Collected data
.....

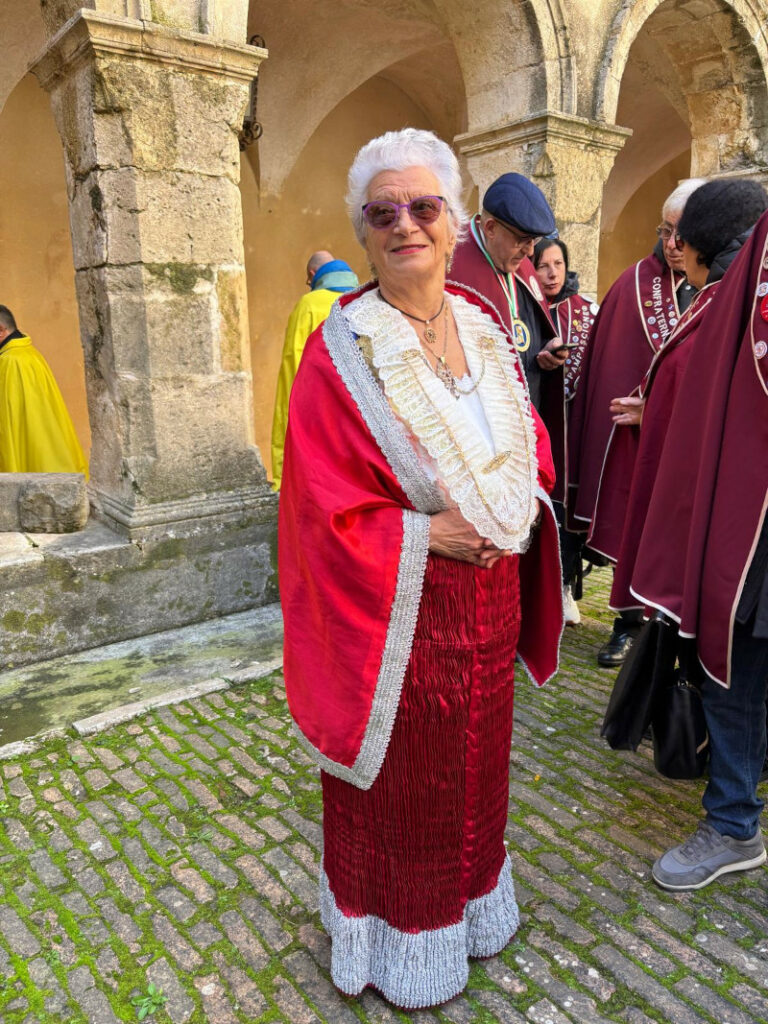 Signora in costume tipico della Confraternita degli Zafarani Cruschi del Pollino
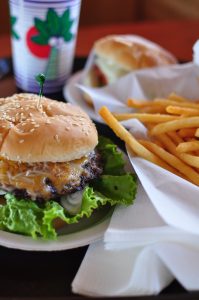 カラパキ・ビーチ・ハットのハンバーガー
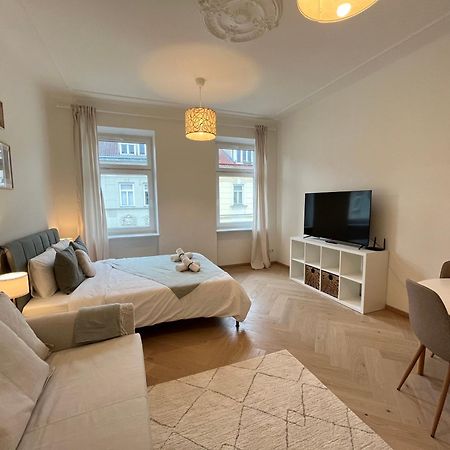 Luxurious One Room Apartment Near Schoenbrunn Palace Vienna Exterior photo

.....

Work order
Apart from the images, retype the full material exactly as written.

Answer for the task
 Signora in costume tipico della Confraternita degli Zafarani Cruschi del Pollino
 カラパキ・ビーチ・ハットのハンバーガー
 Luxurious One Room Apartment Near Schoenbrunn Palace Vienna Exterior photo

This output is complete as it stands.